* Data extract
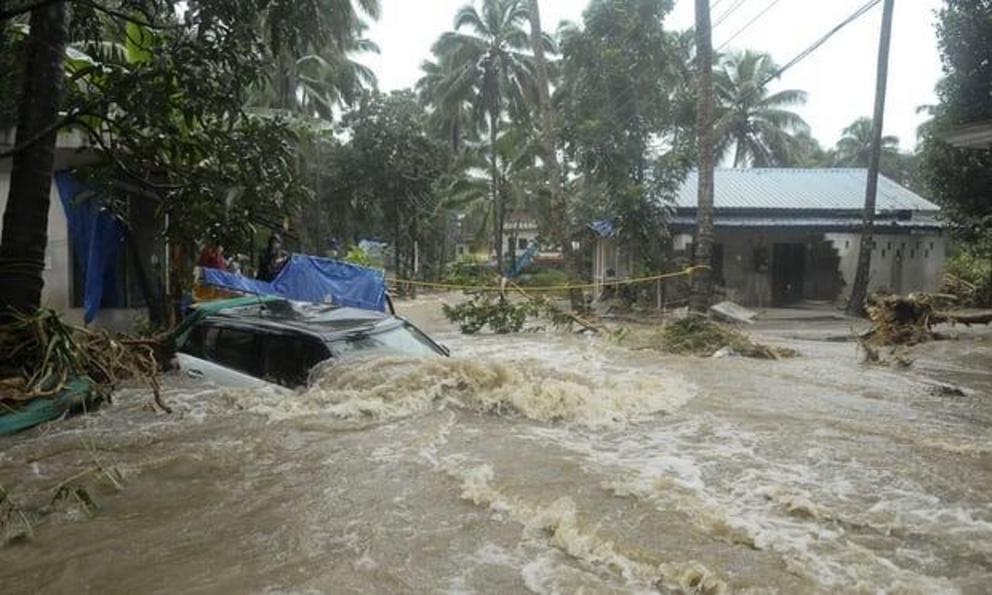 Floodwaters rush through Kozhikode, Kerala state.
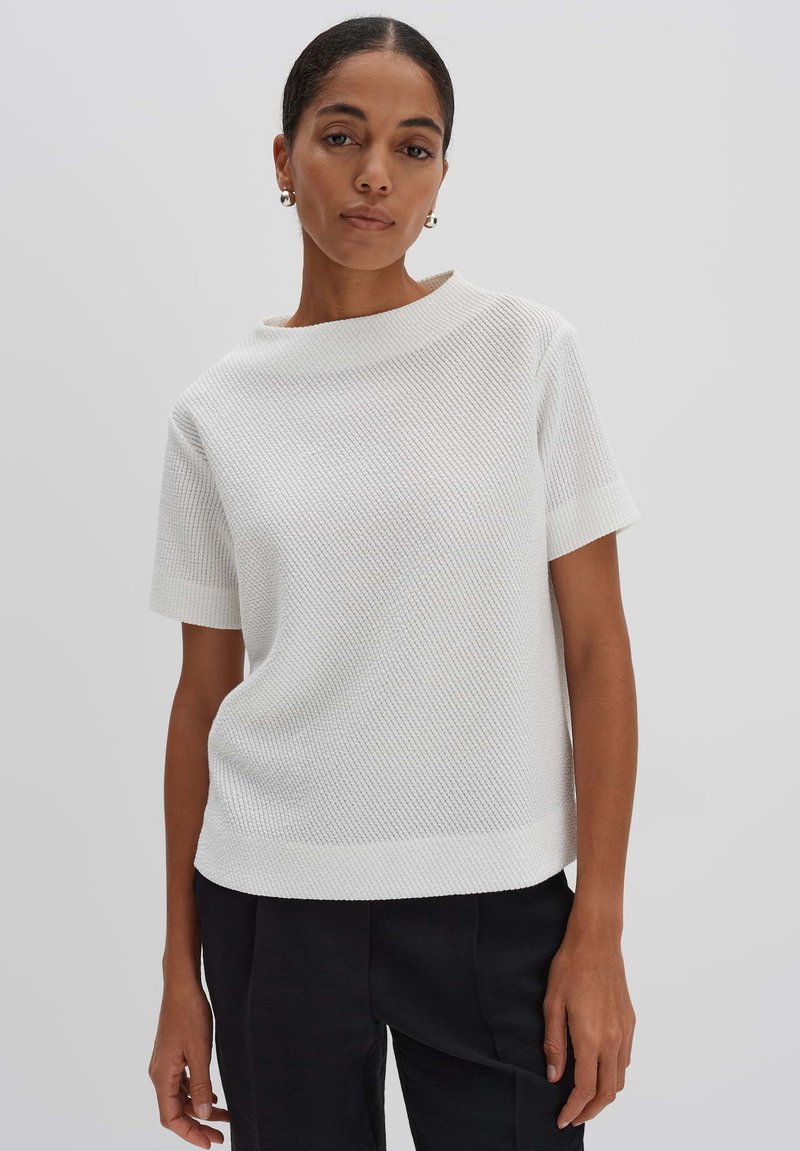 White textured short-sleeve top with a round neckline, featuring a ribbed pattern. Paired with black tapered pants. Simple and minimalistic design.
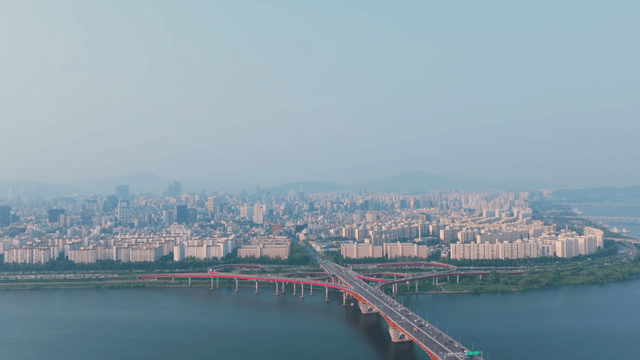 Seoul cityscape with Han River and grand bridge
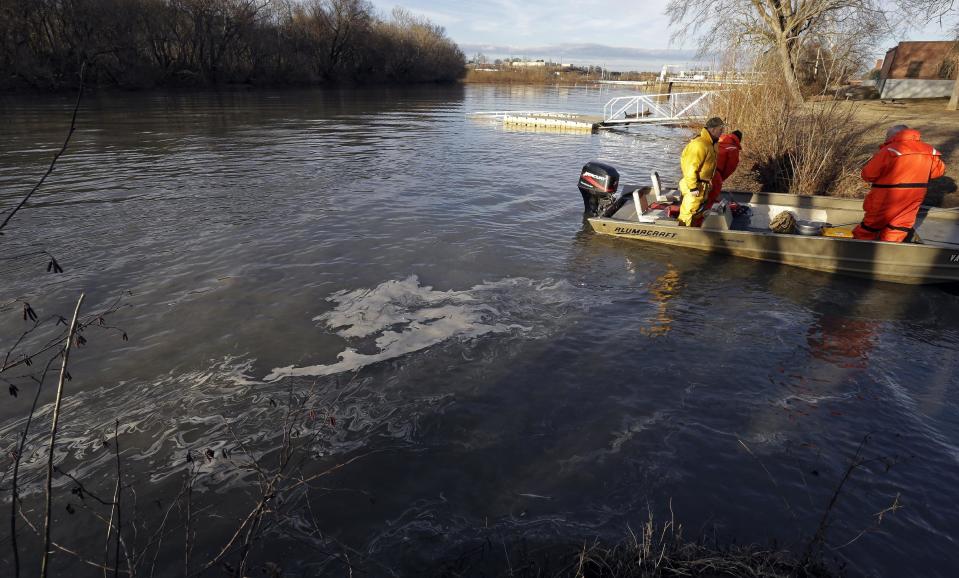 State and federal officials dock after collecting sediment samples as coal ash surfaces on the water on the Dan River in Danville, Va., Wednesday, Feb. 5, 2014. A coal ash spill from a break in a 48-inch storm water pipe at the Dan River Power Plant in Eden N.C. on Sunday released up to 82,000 tons of ash according to Duke Energy. (AP Photo/Gerry Broome)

* About this exercise
Reproduce the data above line for line, from its first line through the line containing "Seoul cityscape with", both ends included, with the pictures omitted and nothing more.

* Solution
 Floodwaters rush through Kozhikode, Kerala state.
 White textured short-sleeve top with a round neckline, featuring a ribbed pattern. Paired with black tapered pants. Simple and minimalistic design.
 Seoul cityscape with Han River and grand bridge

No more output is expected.